The Jesus card: Campaign piety
Republican contenders for president met in Iowa recently to talk about politics and a testimonial broke out. When asked to identify his favorite philosopher-thinker, George W. Bush responded, “Christ, because he changed my heart.” Gary Bauer concurred. Senator Orrin Hatch covered the more obvious political bases by naming Lincoln and Reagan, but took care to cite Christ as well. All the candidates, Alan Keyes and Steve Forbes included, made sure that the public understood the intimate connection between their personal religious convictions and their political agendas.
But such campaign forays into the spiritual have not been limited to the Iowa debate. Another Republican contender, Senator John McCain, has aired a radio advertisement that touts his preaching skills. Apparently when he was a POW in North Vietnam, McCain wrote a Christmas sermon which he shared with fellow prisoners. “It was certainly a shot to everyone’s morale to hear those Christian words in that very unchristianlike place,” one of McCain’s mates-in-captivity says in the radio spot.
And not only Republicans are sharing their piety. Vice President Al Gore spoke of himself and his beliefs—he is a “born-again Christian”—in a December 60 Minutes segment because, he said, he wanted “to be forthright and candid” about the real Al Gore.
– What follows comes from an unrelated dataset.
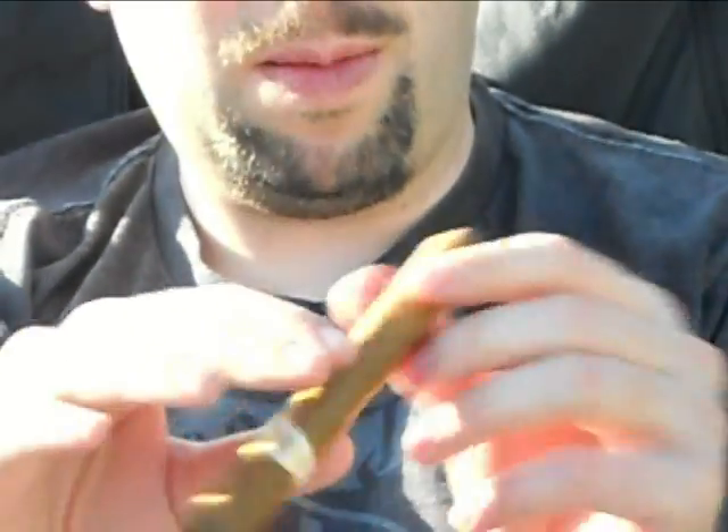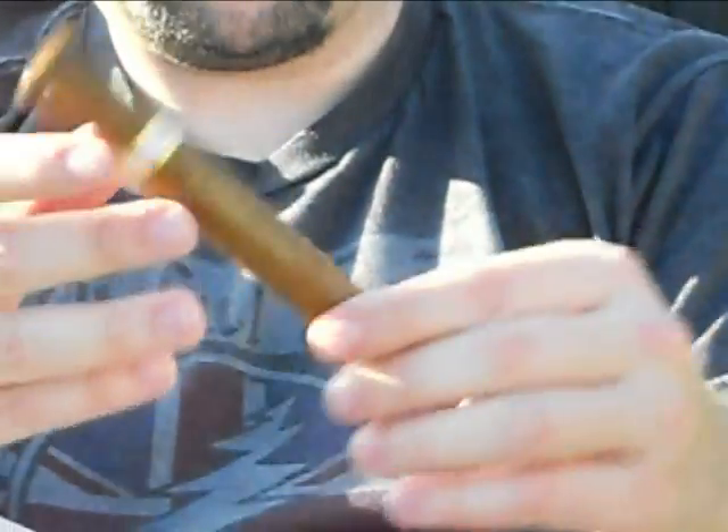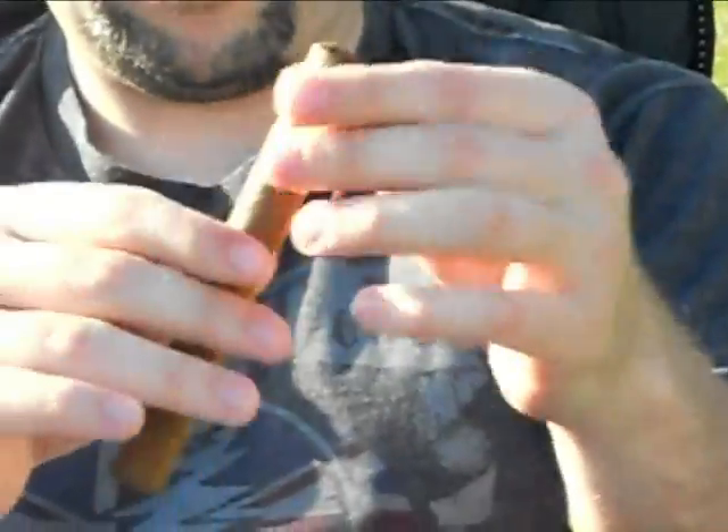Looking at the cigar, it's quite well done — wrapped and rolled very well. It doesn't seem as if it's been box-pressed, although it comes in dress boxes of 25, so there's a little bit of flatness there, but overall a decent looking Bolivar. I've already cut off the cap — a bit silly of me — but I'm sure you don't want to just see me cutting off the top of the cigar. Boring. So I'll get it lit up.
On the positive side, such bold religious talk signals a healthy openness to expressions of faith in American politics. Religion is not merely a private matter; it should not be silenced by convention or force in the political realm. One only hopes that when Jewish, Muslim or Hindu candidates run for office they will feel as free to share their religious views with the voting public. One suspects, though, that those who are most furiously applauding the new political piety are not contemplating the possibility that other faith traditions may make a forceful showing in future political debates.
On the negative side, there’s the issue of reducing faith to a campaign ploy. While one must hesitate long before questioning another’s religious sincerity, it isn’t only the thoroughly jaded who suspect that some shrewd political calculation is going on. The Religious Right constitutes a significant bloc of votes that every Republican contender hopes to capture. Although there’s little that Gore can do to appeal to these voters, in politics you burn as few bridges as possible.
To give the appearance, no matter how sincere one might be, that religion is being pitched to garner votes does a serious disservice to any faith. To manipulate religious conviction into a political commodity is a contemporary form of simony. The line is thin indeed between speaking openly about faith on the campaign trail and playing the Jesus card for political profit.
Given the risks of making faith a political issue, there’s wisdom in heeding Karl Barth’s admonition that “in the political sphere Christians can bring in their Christianity only anonymously.” Barth also maintained that with regard to “authentically political questions which affect the development of the civil community, Christians can only reply in the form of decisions which could be the decisions of any other citizens.”